(REQUIRED ACTION) In the entries below, find each line bearing the string "Phone" and copy it.

(SOURCE DATA)
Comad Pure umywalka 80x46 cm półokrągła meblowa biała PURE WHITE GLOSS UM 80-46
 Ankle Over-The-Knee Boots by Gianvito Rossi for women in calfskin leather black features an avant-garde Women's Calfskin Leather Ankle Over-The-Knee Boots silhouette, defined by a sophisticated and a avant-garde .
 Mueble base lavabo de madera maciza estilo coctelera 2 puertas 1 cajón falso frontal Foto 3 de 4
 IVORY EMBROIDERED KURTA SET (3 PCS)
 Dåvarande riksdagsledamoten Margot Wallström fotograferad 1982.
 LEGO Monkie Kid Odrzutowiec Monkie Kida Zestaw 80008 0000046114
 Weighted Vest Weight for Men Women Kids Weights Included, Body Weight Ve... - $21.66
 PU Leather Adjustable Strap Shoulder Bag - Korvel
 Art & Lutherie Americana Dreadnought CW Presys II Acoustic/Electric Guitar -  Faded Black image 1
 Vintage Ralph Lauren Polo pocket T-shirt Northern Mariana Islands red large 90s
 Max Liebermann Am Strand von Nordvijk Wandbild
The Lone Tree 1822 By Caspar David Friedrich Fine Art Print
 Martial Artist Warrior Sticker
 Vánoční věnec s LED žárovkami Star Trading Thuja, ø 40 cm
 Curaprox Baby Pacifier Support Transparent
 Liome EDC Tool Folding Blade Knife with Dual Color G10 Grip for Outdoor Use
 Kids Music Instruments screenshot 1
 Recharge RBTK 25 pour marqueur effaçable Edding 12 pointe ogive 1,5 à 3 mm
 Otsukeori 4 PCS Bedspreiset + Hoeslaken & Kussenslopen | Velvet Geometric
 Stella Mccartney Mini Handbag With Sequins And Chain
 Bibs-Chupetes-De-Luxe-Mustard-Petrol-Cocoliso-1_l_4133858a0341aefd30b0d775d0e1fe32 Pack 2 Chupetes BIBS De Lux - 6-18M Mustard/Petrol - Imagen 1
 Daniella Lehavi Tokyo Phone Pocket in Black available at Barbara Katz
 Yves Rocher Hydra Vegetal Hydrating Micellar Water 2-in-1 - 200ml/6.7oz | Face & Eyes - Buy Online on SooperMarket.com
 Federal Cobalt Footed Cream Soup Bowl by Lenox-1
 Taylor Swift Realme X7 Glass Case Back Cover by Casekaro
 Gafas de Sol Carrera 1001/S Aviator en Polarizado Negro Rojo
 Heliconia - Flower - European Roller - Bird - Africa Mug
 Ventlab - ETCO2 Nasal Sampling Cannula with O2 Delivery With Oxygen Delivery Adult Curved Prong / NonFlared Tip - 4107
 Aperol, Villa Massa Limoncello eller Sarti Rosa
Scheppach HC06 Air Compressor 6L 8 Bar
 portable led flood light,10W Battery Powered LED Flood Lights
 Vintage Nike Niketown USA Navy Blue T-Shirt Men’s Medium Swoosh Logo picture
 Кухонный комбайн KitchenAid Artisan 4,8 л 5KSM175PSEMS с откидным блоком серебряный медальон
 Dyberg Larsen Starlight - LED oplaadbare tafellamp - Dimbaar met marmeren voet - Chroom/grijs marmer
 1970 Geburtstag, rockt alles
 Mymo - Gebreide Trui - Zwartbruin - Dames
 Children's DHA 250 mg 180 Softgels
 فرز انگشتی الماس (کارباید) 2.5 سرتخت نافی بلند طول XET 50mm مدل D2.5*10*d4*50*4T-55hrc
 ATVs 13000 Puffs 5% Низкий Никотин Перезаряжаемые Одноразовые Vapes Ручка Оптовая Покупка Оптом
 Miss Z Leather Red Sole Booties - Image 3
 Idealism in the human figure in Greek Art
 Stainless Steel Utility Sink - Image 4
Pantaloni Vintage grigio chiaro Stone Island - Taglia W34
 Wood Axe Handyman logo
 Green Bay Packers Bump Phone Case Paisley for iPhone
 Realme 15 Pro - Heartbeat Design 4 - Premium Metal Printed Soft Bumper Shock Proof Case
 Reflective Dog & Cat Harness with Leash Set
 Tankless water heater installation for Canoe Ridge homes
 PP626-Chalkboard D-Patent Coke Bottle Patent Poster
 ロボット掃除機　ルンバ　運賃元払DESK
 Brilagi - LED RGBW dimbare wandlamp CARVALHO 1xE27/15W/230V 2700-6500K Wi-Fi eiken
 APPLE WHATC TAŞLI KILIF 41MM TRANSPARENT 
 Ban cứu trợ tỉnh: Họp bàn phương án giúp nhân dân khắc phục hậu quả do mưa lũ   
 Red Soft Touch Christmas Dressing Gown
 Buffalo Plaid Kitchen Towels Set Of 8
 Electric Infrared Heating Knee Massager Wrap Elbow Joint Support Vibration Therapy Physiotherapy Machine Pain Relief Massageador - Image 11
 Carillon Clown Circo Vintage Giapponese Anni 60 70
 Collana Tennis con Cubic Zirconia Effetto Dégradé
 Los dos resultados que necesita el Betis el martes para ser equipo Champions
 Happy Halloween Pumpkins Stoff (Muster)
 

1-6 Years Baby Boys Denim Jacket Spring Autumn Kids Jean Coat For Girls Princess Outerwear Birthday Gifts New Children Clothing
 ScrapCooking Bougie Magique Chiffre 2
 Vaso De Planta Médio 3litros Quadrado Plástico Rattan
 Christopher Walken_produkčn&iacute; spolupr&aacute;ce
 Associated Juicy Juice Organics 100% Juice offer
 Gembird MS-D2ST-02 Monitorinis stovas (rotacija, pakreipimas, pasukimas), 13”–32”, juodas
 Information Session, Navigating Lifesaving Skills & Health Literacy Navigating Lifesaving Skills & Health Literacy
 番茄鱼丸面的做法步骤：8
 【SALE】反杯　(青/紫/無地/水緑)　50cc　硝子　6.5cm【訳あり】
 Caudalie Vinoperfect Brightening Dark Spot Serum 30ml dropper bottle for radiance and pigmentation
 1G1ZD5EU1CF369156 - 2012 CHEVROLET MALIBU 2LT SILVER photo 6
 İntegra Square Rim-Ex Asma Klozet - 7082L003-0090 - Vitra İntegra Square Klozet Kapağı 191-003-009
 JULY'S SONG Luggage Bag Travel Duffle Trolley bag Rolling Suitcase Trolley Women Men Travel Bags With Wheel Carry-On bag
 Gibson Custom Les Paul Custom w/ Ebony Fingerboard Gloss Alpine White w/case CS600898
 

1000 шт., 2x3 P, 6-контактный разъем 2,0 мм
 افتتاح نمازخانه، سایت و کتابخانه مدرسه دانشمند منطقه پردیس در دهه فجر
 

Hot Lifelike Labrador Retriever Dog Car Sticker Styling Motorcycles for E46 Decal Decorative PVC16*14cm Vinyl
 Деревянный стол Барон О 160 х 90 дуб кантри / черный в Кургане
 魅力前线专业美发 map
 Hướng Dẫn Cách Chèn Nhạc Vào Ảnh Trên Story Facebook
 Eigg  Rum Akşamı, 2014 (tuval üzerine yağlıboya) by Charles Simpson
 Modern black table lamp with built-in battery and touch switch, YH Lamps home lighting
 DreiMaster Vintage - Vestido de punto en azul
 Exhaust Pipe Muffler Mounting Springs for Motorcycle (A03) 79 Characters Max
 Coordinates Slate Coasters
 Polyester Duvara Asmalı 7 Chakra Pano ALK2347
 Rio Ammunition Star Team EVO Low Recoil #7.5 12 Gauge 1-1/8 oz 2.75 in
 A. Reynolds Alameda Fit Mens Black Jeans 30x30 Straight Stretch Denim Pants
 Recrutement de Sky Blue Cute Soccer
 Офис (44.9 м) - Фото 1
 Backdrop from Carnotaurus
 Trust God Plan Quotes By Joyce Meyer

(RESULT OF THIS EXERCISE)
 Daniella Lehavi Tokyo Phone Pocket in Black available at Barbara Katz
 Green Bay Packers Bump Phone Case Paisley for iPhone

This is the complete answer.